Dos testigos declaran que Rodrigo Lanza mató a Víctor Laínez por los tirantes

Ninguna de las dos testigos vio que la víctima portara una navaja ni que se produjera una pelea con el antisistema

Las dos jóvenes que han declarado este viernes en el Juzgado de Instrucción número 6 de Zaragoza en relación al crimen de Víctor Laínez, quien llevaba unos tirantes con la bandera española, han subrayado la motivación ideológica que impulsó al antisistema Rodrigo Lanza Huidobro a cometer el presunto homicidio.

Fuentes judiciales han explicado a Efe que ninguna de las dos testigos vio un enfrentamiento a golpes entre el supuesto agresor y su víctima en el bar de la capital aragonesa en el que ocurrieron los hechos, aunque han admitido que ambos se encararon en un momento dado.

La primera de las testigos ha explicado que Víctor Laínez fue increpado por Rodrigo Lanza para que saliera del establecimiento tras tacharlo de “nazi” y “facha”.

Ha añadido que en ningún momento vio que Laínez, un zaragozano de 55 años simpatizante de Falange Española, portara una navaja ni que se produjera una pelea con el joven antisistema.

La segunda de las testigos ha admitido a su vez que Rodrigo Lanza actuó por motivos ideológicos, y que aunque mantuvo un enfrentamiento frontal con Laínez no vio que tuviera lugar una pelea entre ambos.

Las fuentes consultadas han explicado que el informe forense realizado al presunto agresor tras su detención apunta a la posibilidad, debido a las marcas longitudinales situadas bajo sus nudillos, de que portara un instrumento metálico para dar mayor contundencia a sus golpes.

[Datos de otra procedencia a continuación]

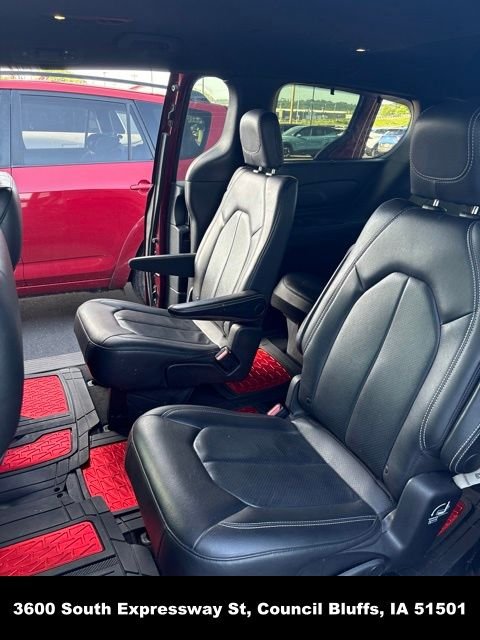 Used 2020 Red Chrysler Launch Edition image 21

Han añadido que Lanza Huidobro no presentaba tras su detención ninguna otra lesión o marca que presuponga un enfrentamiento a golpes con su víctima, versión que confirmaría la tesis de los investigadores respecto a la posibilidad de que Laínez fuera agredido de forma sorpresiva y por la espalda con un instrumento contundente.

La Fiscalía y el representante legal de la familia de la víctima, el letrado zaragozano Juan Carlos Macarrón, están a la espera de recibir el informe definitivo de la autopsia de la víctima para comprobar si Lanza continuó con la agresión cuando Laínez se encontraba tendido en el suelo.

Las referidas fuentes señalan que dicho informe podría clarificar la hipótesis de que Víctor Laínez recibiera de forma reiterada patadas y puñetazos en la cara con un instrumento metálico que llevara en sus manos el presunto agresor, posiblemente un mosquetón, para dar mayor contundencia a los golpes.

Desde que ocurrieron los hechos, la madrugada del 8 de diciembre pasado, el detenido permanece en prisión como presunto autor del homicidio de Laínez, una agresión que, según los acusadores, estuvo motivada por un supuesto delito previo de odio.